This study is published after five years of painstaking data collection by our team of dedicated volunteers, collating around 10,000 species records across the animal kingdom in the Selborne Landscape Partnership (SLP) area (5,600 hectares), much of which falls within the South Downs National Park.
Debbie Miller, the lead author says: “We hear a lot of negativity about the state of Britain’s biodiversity, so it’s nice to share some really positive news that wildlife is flourishing on farms here in the SLP. It’s thriving because the area is being managed sensitively to retain and restore a range of habitats for farmland wildlife, creating greater connectivity across farm boundaries. In this commercially farmed landscape, farmers locally have worked really hard to create spaces for nature to thrive – collectively sharing skills and knowledge to better manage their land for wildlife”

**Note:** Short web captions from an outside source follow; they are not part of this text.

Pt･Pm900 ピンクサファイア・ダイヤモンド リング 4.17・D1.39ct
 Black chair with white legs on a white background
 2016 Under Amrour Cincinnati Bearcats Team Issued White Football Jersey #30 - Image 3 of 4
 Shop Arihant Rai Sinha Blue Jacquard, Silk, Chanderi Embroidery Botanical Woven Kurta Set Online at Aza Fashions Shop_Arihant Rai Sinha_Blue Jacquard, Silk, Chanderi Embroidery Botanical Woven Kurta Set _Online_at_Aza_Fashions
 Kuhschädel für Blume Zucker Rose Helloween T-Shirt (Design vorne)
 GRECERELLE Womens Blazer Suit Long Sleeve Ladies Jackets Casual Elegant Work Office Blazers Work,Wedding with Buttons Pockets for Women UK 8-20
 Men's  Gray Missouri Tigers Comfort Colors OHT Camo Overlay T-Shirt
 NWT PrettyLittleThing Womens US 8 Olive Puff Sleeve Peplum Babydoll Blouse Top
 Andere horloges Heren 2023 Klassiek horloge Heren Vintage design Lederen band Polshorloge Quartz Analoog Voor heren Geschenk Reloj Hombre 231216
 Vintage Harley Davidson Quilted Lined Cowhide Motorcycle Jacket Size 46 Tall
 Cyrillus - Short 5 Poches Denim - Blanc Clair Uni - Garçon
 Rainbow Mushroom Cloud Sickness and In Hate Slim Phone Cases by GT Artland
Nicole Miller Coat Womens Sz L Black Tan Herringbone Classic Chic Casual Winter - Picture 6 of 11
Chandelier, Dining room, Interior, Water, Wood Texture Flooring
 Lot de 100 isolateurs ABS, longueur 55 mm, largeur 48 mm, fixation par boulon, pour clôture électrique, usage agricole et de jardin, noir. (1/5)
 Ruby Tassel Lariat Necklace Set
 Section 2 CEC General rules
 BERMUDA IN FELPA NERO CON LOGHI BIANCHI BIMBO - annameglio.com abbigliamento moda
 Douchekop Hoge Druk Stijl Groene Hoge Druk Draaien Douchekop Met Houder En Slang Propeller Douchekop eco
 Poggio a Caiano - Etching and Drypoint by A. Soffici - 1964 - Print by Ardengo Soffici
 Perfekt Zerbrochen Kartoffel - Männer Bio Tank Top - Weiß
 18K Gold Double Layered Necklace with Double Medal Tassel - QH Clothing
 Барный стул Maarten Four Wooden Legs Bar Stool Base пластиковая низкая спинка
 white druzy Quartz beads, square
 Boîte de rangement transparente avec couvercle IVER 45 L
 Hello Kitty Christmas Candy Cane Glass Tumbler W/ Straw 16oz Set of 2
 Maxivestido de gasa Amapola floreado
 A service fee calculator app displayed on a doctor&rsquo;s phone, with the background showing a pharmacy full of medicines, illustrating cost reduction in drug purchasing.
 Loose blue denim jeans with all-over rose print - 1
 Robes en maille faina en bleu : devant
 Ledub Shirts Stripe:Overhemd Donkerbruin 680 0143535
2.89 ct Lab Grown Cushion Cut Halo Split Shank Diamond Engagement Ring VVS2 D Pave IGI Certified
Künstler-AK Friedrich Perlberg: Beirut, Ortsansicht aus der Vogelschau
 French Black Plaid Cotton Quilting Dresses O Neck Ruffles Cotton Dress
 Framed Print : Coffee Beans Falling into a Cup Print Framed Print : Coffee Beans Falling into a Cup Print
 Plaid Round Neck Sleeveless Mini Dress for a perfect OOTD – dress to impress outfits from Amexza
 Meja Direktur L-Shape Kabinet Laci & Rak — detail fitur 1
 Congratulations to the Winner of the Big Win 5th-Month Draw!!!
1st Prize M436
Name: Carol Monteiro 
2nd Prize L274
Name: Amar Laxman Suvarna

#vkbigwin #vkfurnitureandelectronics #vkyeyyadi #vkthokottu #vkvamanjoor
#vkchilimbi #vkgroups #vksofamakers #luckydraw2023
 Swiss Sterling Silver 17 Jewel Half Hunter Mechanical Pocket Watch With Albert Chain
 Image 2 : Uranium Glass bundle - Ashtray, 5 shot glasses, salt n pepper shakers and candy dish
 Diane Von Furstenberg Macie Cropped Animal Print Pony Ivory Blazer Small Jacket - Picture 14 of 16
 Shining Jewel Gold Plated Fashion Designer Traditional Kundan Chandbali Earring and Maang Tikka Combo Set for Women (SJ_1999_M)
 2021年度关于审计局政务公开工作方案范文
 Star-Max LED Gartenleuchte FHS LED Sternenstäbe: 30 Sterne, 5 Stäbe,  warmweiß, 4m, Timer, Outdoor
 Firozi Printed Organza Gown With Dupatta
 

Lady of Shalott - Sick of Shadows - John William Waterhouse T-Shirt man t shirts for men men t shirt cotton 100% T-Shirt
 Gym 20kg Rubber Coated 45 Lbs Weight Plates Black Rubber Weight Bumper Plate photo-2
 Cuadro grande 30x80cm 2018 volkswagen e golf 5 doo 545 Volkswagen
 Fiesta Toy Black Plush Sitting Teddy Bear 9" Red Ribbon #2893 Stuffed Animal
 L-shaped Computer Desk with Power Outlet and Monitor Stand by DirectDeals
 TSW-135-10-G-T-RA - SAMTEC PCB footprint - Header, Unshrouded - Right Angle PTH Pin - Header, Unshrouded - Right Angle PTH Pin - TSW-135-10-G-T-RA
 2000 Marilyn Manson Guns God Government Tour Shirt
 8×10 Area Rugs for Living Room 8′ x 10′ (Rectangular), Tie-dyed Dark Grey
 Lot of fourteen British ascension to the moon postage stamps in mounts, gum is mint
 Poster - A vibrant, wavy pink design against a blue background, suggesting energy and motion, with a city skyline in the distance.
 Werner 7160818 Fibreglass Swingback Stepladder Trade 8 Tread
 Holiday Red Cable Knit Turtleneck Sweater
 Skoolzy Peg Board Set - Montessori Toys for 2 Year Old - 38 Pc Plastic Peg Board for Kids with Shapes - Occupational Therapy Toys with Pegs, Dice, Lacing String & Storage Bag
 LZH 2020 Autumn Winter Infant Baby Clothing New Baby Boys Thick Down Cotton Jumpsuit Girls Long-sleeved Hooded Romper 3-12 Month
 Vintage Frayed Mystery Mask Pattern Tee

The farmers have introduced a long list of conservation measures to help retain or create wildlife habitats. The SLP area now boasts 25.1km (over 15 miles) of restored hedgerow, 151km (93 miles) of tussocky field edges, 74 hectares of flower-rich habitat and has started restoration work on some of its 100 ponds. Wildflower planting has also taken place as part of the South Downs National Park’s Bee Lines initiative and the farmers’ aim is to create up to 3 hectares of high-quality, flower-rich habitat per 100 hectares for pollinators.